If these new individuals are clones of the original testing set, then $K_{xx}=K_{nn}$, $K_{ox}=K_{on}$ and $tr\left(SCov\left({\widehat{u}}_{n1}^{\left(3\right)},y_{x1}\right)\right)=tr\left(SCov\left({\widehat{u}}_{n1}^{\left(3\right)},u_{n1}\right)\right)$. However, if clones are not available, then this equality will not hold.

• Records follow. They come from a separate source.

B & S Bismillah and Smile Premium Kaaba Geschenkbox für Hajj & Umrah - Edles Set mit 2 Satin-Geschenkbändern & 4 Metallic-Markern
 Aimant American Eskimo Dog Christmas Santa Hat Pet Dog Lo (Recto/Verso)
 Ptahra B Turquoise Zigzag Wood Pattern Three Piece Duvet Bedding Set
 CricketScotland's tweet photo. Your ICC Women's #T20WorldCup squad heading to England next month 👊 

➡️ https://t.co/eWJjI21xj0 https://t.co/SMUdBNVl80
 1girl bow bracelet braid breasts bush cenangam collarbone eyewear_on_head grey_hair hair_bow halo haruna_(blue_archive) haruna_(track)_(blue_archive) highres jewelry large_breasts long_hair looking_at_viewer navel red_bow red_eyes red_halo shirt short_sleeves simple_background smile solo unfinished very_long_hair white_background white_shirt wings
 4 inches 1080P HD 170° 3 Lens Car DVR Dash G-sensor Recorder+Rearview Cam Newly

Given these analytical results for the numerator of the expected correlations, we can estimate the correlation itself by calculating the expected variances of ${\widehat{u}}_{n1}$ and $u_{n1}$ or $y_{n1}$. We do not go through these calculations as they follow directly from the calculations given above.